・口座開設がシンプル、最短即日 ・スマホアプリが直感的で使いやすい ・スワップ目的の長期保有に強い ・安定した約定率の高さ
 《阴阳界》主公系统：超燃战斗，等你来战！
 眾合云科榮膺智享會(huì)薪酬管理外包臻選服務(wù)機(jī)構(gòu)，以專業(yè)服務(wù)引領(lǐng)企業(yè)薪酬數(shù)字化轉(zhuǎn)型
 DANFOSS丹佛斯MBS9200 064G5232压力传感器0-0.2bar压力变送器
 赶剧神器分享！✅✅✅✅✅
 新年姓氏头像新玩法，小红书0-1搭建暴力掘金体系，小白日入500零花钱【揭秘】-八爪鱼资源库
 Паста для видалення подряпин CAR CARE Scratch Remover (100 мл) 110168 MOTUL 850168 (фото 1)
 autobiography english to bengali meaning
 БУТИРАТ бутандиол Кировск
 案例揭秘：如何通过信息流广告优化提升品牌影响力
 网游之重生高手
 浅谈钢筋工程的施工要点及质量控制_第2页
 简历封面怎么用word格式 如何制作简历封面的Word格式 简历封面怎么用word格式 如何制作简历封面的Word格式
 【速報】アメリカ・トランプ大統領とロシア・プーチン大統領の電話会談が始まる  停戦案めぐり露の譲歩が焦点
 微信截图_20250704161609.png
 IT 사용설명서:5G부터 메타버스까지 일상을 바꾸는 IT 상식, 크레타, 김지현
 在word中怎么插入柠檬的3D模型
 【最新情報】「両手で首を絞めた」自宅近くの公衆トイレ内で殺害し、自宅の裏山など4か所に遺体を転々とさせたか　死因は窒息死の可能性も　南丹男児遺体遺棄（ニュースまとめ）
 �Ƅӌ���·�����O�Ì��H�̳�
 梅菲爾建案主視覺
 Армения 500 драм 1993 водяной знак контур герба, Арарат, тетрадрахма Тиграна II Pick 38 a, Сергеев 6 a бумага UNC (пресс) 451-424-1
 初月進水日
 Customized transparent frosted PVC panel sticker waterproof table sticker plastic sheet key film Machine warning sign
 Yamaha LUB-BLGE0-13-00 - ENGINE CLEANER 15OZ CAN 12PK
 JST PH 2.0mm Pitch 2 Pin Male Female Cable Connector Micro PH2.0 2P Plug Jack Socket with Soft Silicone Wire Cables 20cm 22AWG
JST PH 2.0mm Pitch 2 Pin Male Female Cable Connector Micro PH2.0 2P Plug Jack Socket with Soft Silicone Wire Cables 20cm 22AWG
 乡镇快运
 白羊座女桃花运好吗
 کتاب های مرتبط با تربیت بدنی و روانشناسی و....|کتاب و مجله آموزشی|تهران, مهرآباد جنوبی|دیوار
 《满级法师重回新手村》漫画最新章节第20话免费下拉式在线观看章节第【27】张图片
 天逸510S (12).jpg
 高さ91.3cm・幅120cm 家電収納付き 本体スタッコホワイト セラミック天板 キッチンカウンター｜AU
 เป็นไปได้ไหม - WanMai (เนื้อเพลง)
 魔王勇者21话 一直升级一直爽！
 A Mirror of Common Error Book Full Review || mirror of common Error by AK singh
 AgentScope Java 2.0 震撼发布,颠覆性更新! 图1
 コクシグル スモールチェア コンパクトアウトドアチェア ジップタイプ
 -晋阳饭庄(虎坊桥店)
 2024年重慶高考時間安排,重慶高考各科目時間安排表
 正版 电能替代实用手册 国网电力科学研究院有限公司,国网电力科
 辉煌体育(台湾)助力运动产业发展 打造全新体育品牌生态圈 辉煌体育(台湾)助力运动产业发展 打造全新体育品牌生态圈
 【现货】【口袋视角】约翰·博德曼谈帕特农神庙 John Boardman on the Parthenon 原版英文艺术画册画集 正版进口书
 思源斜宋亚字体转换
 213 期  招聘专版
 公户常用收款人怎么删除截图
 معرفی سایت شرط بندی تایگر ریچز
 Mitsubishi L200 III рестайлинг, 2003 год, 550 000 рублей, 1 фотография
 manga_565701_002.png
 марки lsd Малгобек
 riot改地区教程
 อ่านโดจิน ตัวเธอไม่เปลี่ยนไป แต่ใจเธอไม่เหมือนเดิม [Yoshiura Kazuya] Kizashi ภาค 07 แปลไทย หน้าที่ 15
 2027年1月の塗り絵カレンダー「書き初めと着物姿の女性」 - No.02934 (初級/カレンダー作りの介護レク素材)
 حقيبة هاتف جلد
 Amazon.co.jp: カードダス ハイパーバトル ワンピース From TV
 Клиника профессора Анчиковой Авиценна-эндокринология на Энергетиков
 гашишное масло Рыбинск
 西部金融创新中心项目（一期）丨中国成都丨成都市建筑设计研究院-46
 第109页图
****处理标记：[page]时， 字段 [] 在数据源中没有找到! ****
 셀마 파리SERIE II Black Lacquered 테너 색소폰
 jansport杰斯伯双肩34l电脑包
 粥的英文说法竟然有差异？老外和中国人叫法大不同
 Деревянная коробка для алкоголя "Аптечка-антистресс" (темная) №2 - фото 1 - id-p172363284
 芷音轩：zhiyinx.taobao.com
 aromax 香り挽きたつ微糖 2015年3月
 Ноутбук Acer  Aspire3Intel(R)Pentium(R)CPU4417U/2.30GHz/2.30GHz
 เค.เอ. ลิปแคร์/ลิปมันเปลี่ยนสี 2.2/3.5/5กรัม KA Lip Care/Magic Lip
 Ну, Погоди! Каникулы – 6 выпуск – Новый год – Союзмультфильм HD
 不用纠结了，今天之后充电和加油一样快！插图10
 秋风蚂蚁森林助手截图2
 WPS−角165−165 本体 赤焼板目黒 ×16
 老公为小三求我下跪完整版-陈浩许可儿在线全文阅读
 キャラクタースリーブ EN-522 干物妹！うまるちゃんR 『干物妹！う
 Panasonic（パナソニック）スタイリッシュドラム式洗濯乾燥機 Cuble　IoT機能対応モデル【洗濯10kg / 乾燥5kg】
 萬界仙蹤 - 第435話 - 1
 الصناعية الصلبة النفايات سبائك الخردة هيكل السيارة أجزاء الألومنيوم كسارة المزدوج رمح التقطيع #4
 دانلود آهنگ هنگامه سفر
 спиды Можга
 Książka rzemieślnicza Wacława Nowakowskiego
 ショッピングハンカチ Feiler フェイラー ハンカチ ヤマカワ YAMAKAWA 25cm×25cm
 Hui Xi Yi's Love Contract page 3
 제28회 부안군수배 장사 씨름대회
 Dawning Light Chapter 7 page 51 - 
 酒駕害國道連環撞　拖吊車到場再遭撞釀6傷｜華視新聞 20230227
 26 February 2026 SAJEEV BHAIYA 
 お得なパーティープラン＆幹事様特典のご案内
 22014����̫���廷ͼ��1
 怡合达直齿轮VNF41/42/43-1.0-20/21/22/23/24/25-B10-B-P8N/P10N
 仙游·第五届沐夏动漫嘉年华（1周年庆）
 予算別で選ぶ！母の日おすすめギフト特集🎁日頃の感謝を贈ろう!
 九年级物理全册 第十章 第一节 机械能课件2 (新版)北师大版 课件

#### PROBLEM TO WORK ON
Copy exactly the line containing "jansport杰斯伯双肩34l电脑包" and each line after it through the end of the records above.

#### FINISHED EXERCISE
 jansport杰斯伯双肩34l电脑包
 粥的英文说法竟然有差异？老外和中国人叫法大不同
 Деревянная коробка для алкоголя "Аптечка-антистресс" (темная) №2 - фото 1 - id-p172363284
 芷音轩：zhiyinx.taobao.com
 aromax 香り挽きたつ微糖 2015年3月
 Ноутбук Acer  Aspire3Intel(R)Pentium(R)CPU4417U/2.30GHz/2.30GHz
 เค.เอ. ลิปแคร์/ลิปมันเปลี่ยนสี 2.2/3.5/5กรัม KA Lip Care/Magic Lip
 Ну, Погоди! Каникулы – 6 выпуск – Новый год – Союзмультфильм HD
 不用纠结了，今天之后充电和加油一样快！插图10
 秋风蚂蚁森林助手截图2
 WPS−角165−165 本体 赤焼板目黒 ×16
 老公为小三求我下跪完整版-陈浩许可儿在线全文阅读
 キャラクタースリーブ EN-522 干物妹！うまるちゃんR 『干物妹！う
 Panasonic（パナソニック）スタイリッシュドラム式洗濯乾燥機 Cuble　IoT機能対応モデル【洗濯10kg / 乾燥5kg】
 萬界仙蹤 - 第435話 - 1
 الصناعية الصلبة النفايات سبائك الخردة هيكل السيارة أجزاء الألومنيوم كسارة المزدوج رمح التقطيع #4
 دانلود آهنگ هنگامه سفر
 спиды Можга
 Książka rzemieślnicza Wacława Nowakowskiego
 ショッピングハンカチ Feiler フェイラー ハンカチ ヤマカワ YAMAKAWA 25cm×25cm
 Hui Xi Yi's Love Contract page 3
 제28회 부안군수배 장사 씨름대회
 Dawning Light Chapter 7 page 51 - 
 酒駕害國道連環撞　拖吊車到場再遭撞釀6傷｜華視新聞 20230227
 26 February 2026 SAJEEV BHAIYA 
 お得なパーティープラン＆幹事様特典のご案内
 22014����̫���廷ͼ��1
 怡合达直齿轮VNF41/42/43-1.0-20/21/22/23/24/25-B10-B-P8N/P10N
 仙游·第五届沐夏动漫嘉年华（1周年庆）
 予算別で選ぶ！母の日おすすめギフト特集🎁日頃の感謝を贈ろう!
 九年级物理全册 第十章 第一节 机械能课件2 (新版)北师大版 课件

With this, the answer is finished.